- Published 13 Dec 2012
- Updated 10 Nov 2015
Recently I was talking with friends about what role emotion should play in giving decisions. Some said we shouldn't let emotions muddle our thinking.
We're emotional creatures (some more than others). Personally, I'm pretty high on the bleeding-heart scale. One thing I loved about Oxfam is that they do a great job documenting their work in articles and photography, so I could feel really connected to the people they work with. (SCI is also very good at this-ed.) I put their pictures on my wall. I wanted to see their faces."But I want to have an emotional connection to the people I help," another said. I found myself agreeing with both sides.

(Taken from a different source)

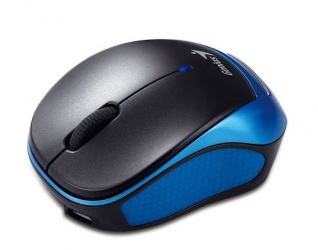 Mouse Genius Óptico Micro Traveler 9000R, Inalámbrico, USB, 1200DPI, Negro/Azul 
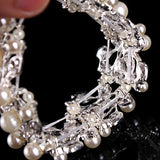 Pearl Bracelets Bangles for Women Bridal's Engagement Bijoux E009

Of course, I don't want to choose a cause based on how emotionally connected I already am to it. I don't want to pass up an excellent opportunity to help because I felt more pulled to a less effective cause. When it comes to choosing a cause, I want to act based on information, not sentiment. At the end of the year I'll reevaluate which charities to support, and I don't want to be muddled when I do that.
But once I've chosen a cause, I give myself permission to fall in love with it. What I care about, after all, is not the cause itself but the human lives at stake. (For you, it might be animal lives as well, or the lives of people not yet born. But you get the idea.) So I look for a way to connect. (For example, seeing how DtW help the individuals they treat here-ed.)
Against Malaria Foundation posts photos of most of its bednet distributions. It's a way to document that they're doing what they say they are - but for me, it's also a chance to see the human face of the work they do. The work I help them do.
Seeing her face is a way of overcoming the blind chance that put me in the US and her in Mali. It's a way of making us neighbours.
It's hard to feel warm and fuzzy about our donations going to dozens of distribution points around the world. We didn't evolve to feel an emotional glow about numbers. It can feel like we're sending money into some kind of oblivion. It's hard to feel motivated about that.
That's why I imagine it going to her. I imagine how glad her family will be to see her reach her eighth birthday, eleventh birthday, twentieth birthday. I imagine all the things she can do now that she's not sick. That kind of glow is what my heart was made for.